Festival aumenta venda de livros no Funchal

Mia Couto abriu 6.ª edição do Festival Literário da Madeira. Sábado, Lídia Jorge faz a conferência de encerramento do evento.

"Tem a aplicação WhatsApp para lhe enviar uma fotografia do mocho?" Quem repete esta pergunta é o escritor Mia Couto perante a sala repleta de espectadores no Teatro Baltazar Dias, no Funchal, onde decorre a 6.ª edição do Festival Literário da Madeira (FLM). A pergunta vinha num encadeamento de histórias que estava a contar, provocadas pelo moderador Fernando Alves, e o auditório não estranhou pois o diálogo já voava na estratosfera há minutos.

Falava-se de sonhos: "Ninguém conta aquilo que foi a verdade com que sonhou." De como é o seu trabalho enquanto biólogo: "Sou completamente caótico e não procuro respostas, antes quero que me ensine a fazer perguntas." Da criação literária: "Tenho uma relação de verdade com aquilo que faço. As grandes verdades assentam sobre as histórias que se contavam, como a dos animais que falavam. O que as crianças querem é ser encantadas." De como se dá com a natureza: "Acho que as árvores falam e têm uma relação com tudo o que a envolve. No lugar onde trabalho, uma árvore não é apenas uma entidade mas também uma casa de espíritos porque em Moçambique as árvores são igrejas." De como se previne dos enganos: "Há um espírito santo de orelha que tenta contrariar certas ilusões."

Quanto ao mocho que tanto fez sorrir a audiência, deve-se ao desentendimento entre o escritor e um funcionário sobre ter-se encontrado a ave na sua propriedade e, como Mia Couto não percebia o que ele dizia, o outro perguntou--lhe se tinha WhatsApp para lhe enviar a foto e ultrapassar a falta de compreensão na linguagem. Um exemplo de como a comunicação é complexa e de como África está a destruir certas tradições, disse.

Antes de dar início à intervenção do escritor moçambicano Mia Couto, o editor da Nova Delphi e responsável pelo FLM, Francesco Valentini, explicou ao DN que se todos os anos as expectativas em relação ao Festival são altas, nesta edição ainda são maiores: "Devido ao tema, Falsidade e verdade na ficção literária, e à presença de muitos autores internacionais." Considera que o importante "é cativar cada vez mais espectadores e encher a sala do teatro." Dá como exemplo do sucesso a exigência de um segundo espetáculo de Jorge Palma, que prova que "se o evento só seduzia uma elite no início, agora está a alargar o seu âmbito e as pessoas aproximam-se."

Quanto aos custos do evento, Valentini refere que "nas primeiras cinco edições foi a Nova Delphi que suportou tudo. Desta vez, há o patrocínio da Câmara do Funchal, bem como de outras entidades, que ajudam a cobrir um orçamento que rondará os 75 a 100 mil euros". E aponta benefícios: "Temos estatísticas que dizem que nos 15 dias antes e mos 15 dias depois as vendas de livros aumentam."

Entre os vários convidados estrangeiros está Cynan Jones.

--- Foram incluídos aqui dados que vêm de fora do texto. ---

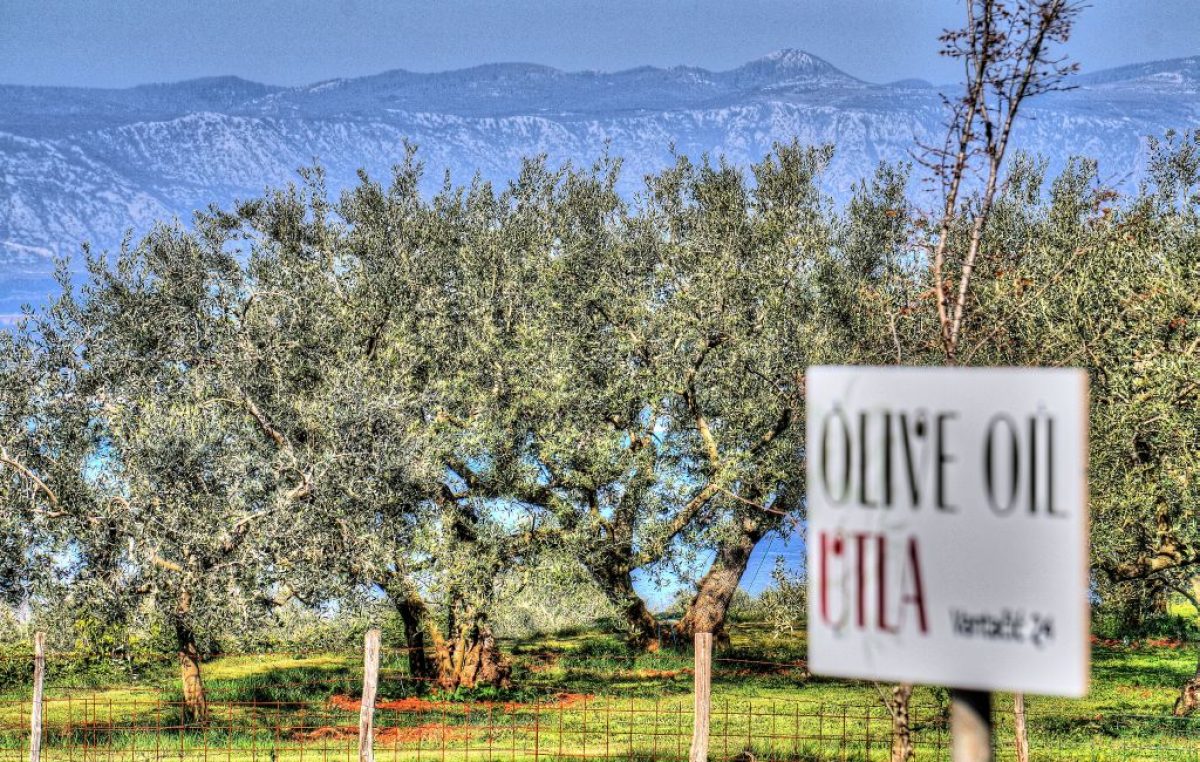 Utla olive oil: Tradicija, ljubav i vrhunski rezultati u originalnoj krčkoj priči o tekućem zlatu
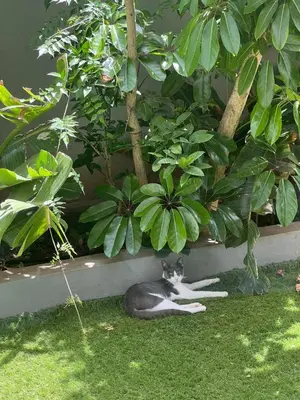 a cat laying on the grass near some plants at stay in villa casablanca in Casablanca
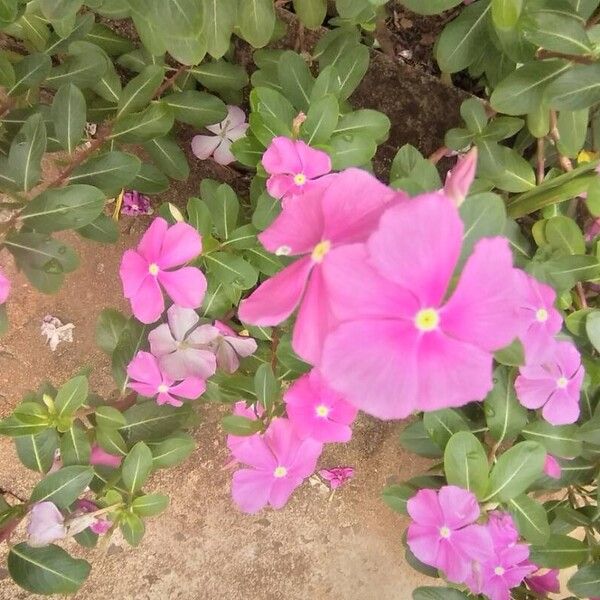 Catharanthus roseus Blüte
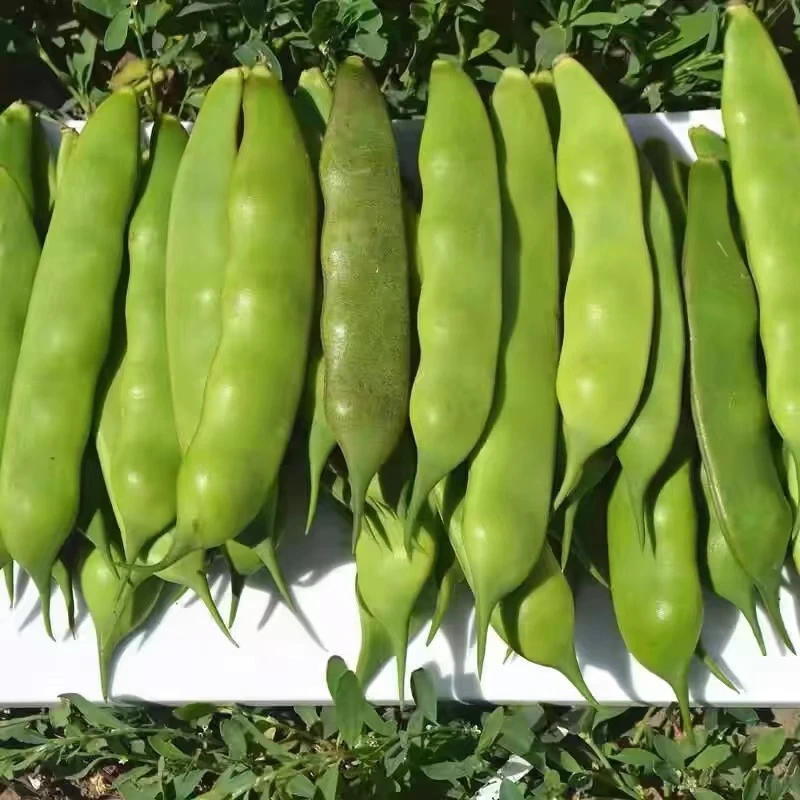 东北油豆角3斤 九月青紫花油豆角  秋茬 应季蔬菜农家美味 新鲜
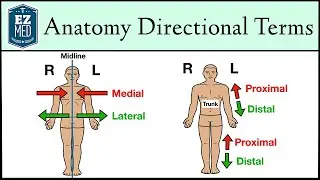 Anatomical Position and Directional Terms [Anatomy MADE EASY]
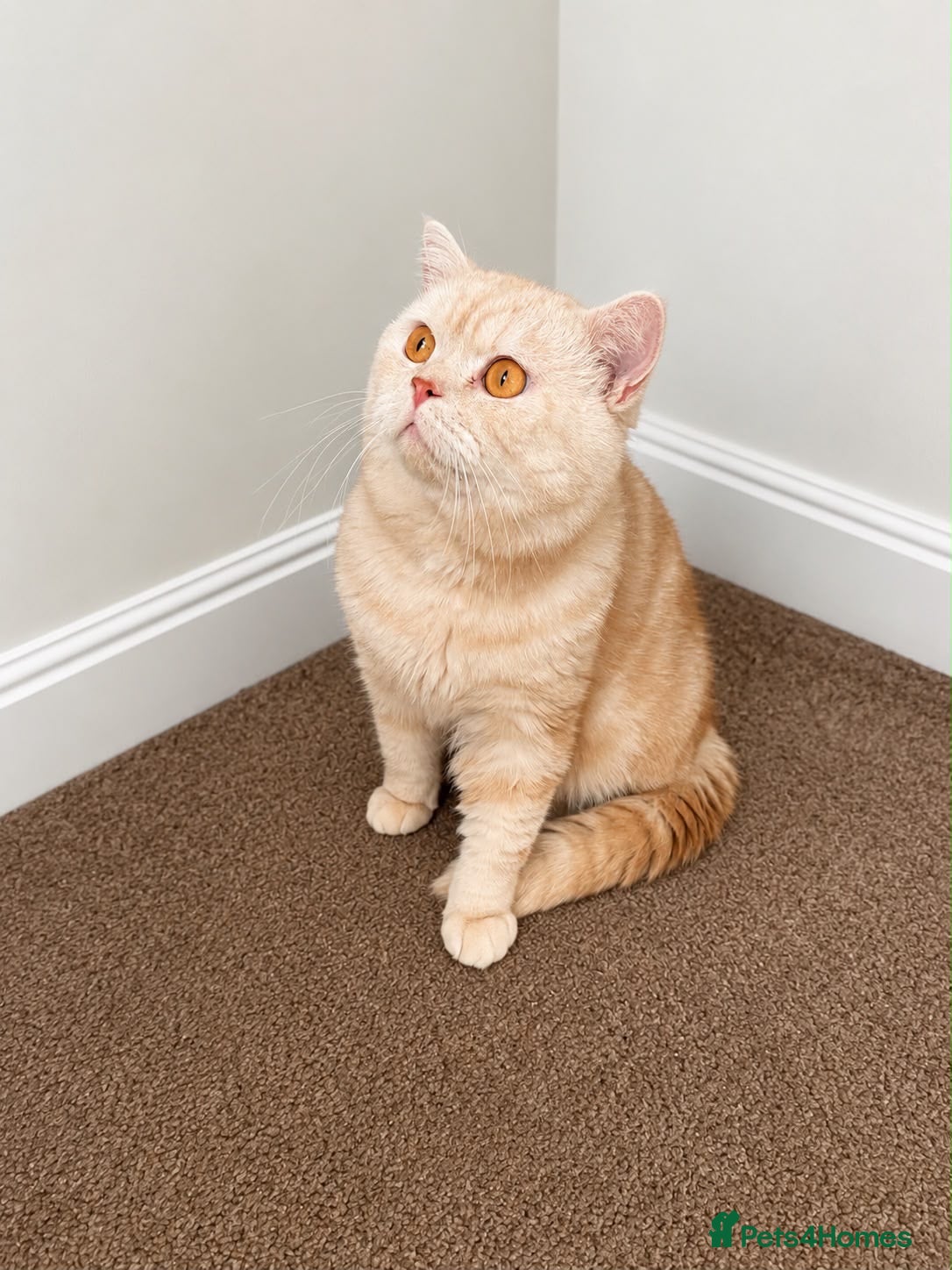 British Shorthair cats Cream boy  - Advert 8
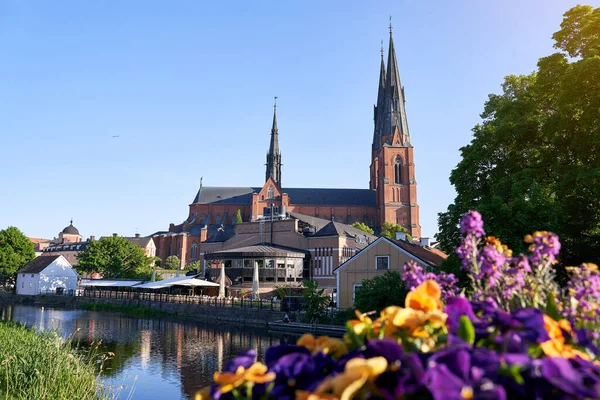 Schöne Aussicht Auf Die Kathedrale Und Den Fluss Fyris Uppsala — Stockfoto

Só tinha estado um dia e meio em Portugal anteriormente e esta é a primeira vez que vem só por causa do seu trabalho literário: "É muito especial que me tenham convidado para poder falar de um livro, A Cova, que trata de pessoas humildes de uma zona rural do País de Gales." Para o escritor galês, o festival serve, principalmente, para saber o que é a literatura portuguesa: "Quero conhecer os escritores portugueses e saber o que é mesmo importante na vossa literatura. É importante vir falar do meu livro, mas também saber o que escrevem em Portugal".